A metonímia e a metáfora, dentre todas as figuras de linguagem, talvez sejam aquelas que desfrutam de maior prestígio (a metáfora especialmente). Aristóteles não foi o primeiro a estudá-las, e enganou-se em milênios aquele que arriscou dizer que seria o último. Dedicaram-se a esses artifícios depois dele muitas outras cabeças. Contemporâneo de Nero, o romano Quintiliano as distribuiu às Eras: a metonímia ficava com a Era dos Deuses e com a Era dos Heróis; a Era dos Homens ficava com a metáfora só para ela. Já Giambattista Vico se ocupou não de sua história, mas de sua taxonomia: foi responsável por organizar e enxugar as muitas classificações desses tropos. E se embora no início desse longo caminho por onde não passam pés (só cabeças) pensava-se nesses dois recursos como floreios elaborados, chegou o tempo quando com Hobbes e Locke se pensou nesses truques como prestidigitação enganadora. Como algo mau. Mas elas são fortes: coisas feitas de material mole como as palavras recebem as críticas arremessadas e as arremessam de volta. Logo a desconfiança desses destratos foi minimizada. Decidiu-se que não só teriam sido o berço de toda linguagem (com Rousseau), como também que esses charlatanismos linguísticos formam uma belíssima sintaxe polarizada do inconsciente (com Lacan). E mais ainda: Rorty trouxe que eram as verdadeiras ferramentas de evolução da cultura; que em nossas tentativas aflitas de nos expressarmos como nunca antes, avançamos mais a cultura com a Poesia do que com a Razão.

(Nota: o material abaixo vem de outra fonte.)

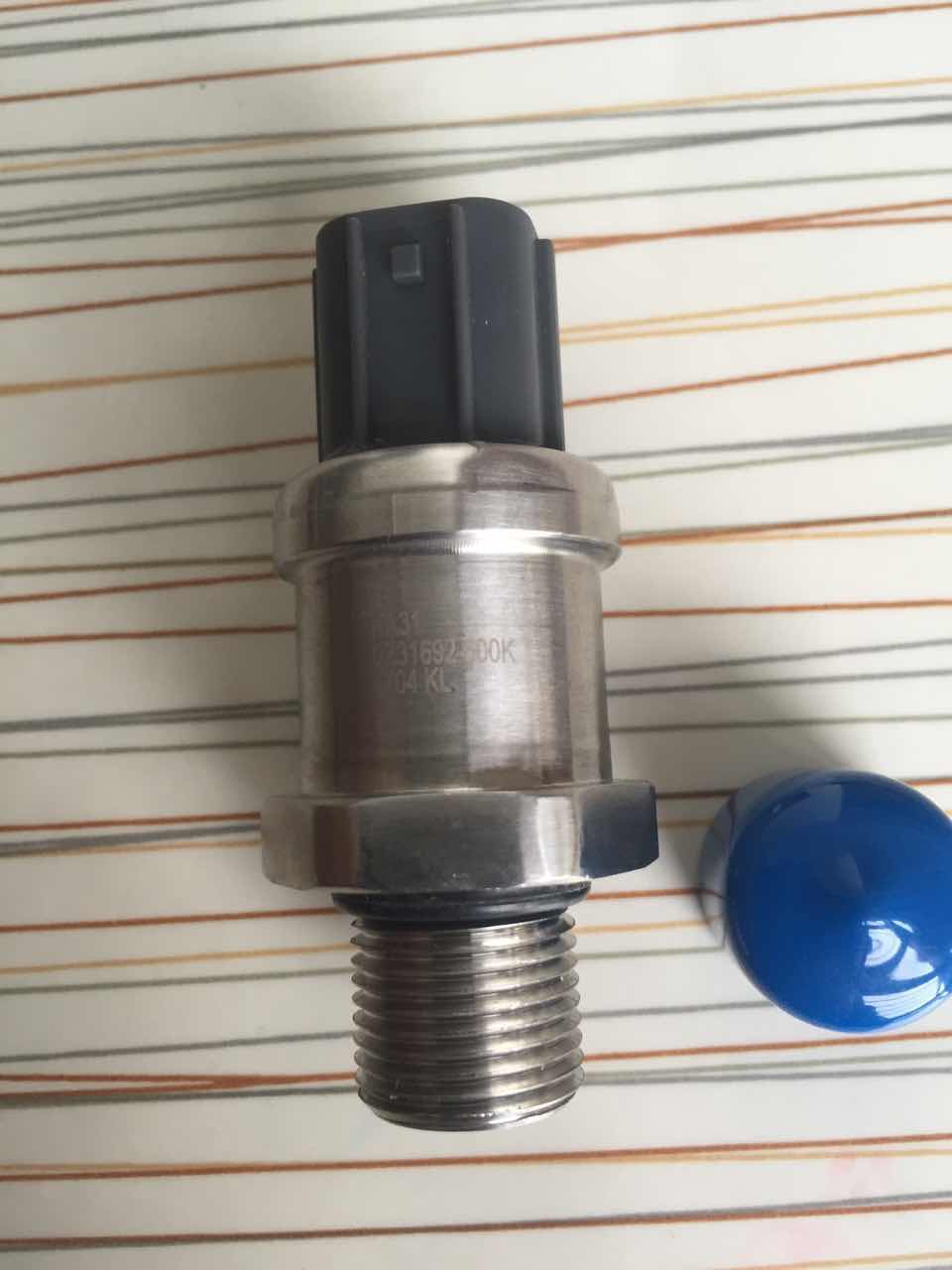 Doosan Daewoo DH225-7 50Mpa Pressure Sensor Switch 2547-9045 Doosan forklift Doosan infracore construction equipment america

Fica estabelecido, então: não buscamos em nossas vozes e em nossos textos ser mais claros. A clareza só é bonita no vidro, que é muito oco e deixa passar a luz completamente. Queremos ser raros. A linguagem é uma forma antes de individualização, depois de comunicação. E chega-se assim nos aspectos pessoais das figuras de linguagem.

Figuras de linguagem são poesia pois são nós mesmos. Carregam a nossa marca, são os nossos truques. Quando montamos uma metáfora verdadeira e inesperada, a sensação é a de encontrar um tesouro enterrado em nosso cabelo. Borges foi até certo ponto da vida um apaixonado da metáfora: estudou as kenning nórdicas com paixão, e sei que usou mais de uma vez tecido de homens para dizer guerra. Essa metáfora (entre outras) é Borges. É uma das muitas coisas que nos deixou.

A metáfora cria indireção através da similaridade: nela pareiam-se dois elementos distintos, que possuem, entretanto, algum tipo de semelhança. Baseia-se na capacidade humana de encontrar paralelos entre ideias distintas.

metafora

Recorramos à mais famosa:

“O amor é fogo”

Onde:

A = amor
B = fogo

A princípio, amor e fogo são diferentes elementos. Contudo, existe uma semelhança entre eles: ambos ardem (nesse caso, sem que se veja). Essa similaridade permite ao poeta aproximar essas duas palavras. Com isso, cabe o ao leitor trabalhar, oxidar essa indireção em sua mente, expandindo-a para encontrar o que A compartilha com B. Metáforas são aproximações por similaridades.

Já a metonímia o que impera é a contiguidade de dois conceitos. Deseja-se, na verdade, em vez de aproximar duas matérias distantes, sintetizar dois componentes adjacentes em um só substrato. Quer fazer de conceitos apenas vizinhos moradores da mesma casa.

metonimia

Por exemplo, na frase:

“Lemos Jakobson.”

Temos que

A = livro
B = Roman Jakobson
Jakobson = livro + Roman Jakobson (um livro de Roman Jakobson)

Podemos realizar essa contração dos termos pois existe uma proximidade entre livro e o linguista Roman Jakobson (pois Jakobson já escreveu um livro). Na metonímia superpomos elementos que estavam lado a lado em um só, criando uma indireção que nossa mente precisa destrinchar para que compreenda. A metonímia nos faz pensar: de que forma ler um livro de Jakobson é, também, ler o Jakobson (a pessoa)?

E assim se amansa a maquiagem de uma das faces da poesia: com um termo em itálico, indireção. Das similaridades e proximidades inesperadas revelamos o que não era visto e talvez causemos surpresa em nossos leitores. Figuras de linguagem são criadas da nossa capacidade de enxergar o mundo de forma particular. E onde nossos olhos enxergam torto ou mais longe: nos abrimos. Revelamos onde somos fortes e onde não; como se pela disposição estranha das tábuas das pontes que erguemos por necessidade, pudesse a posteridade lembrar nossos nomes quando passa sobre elas.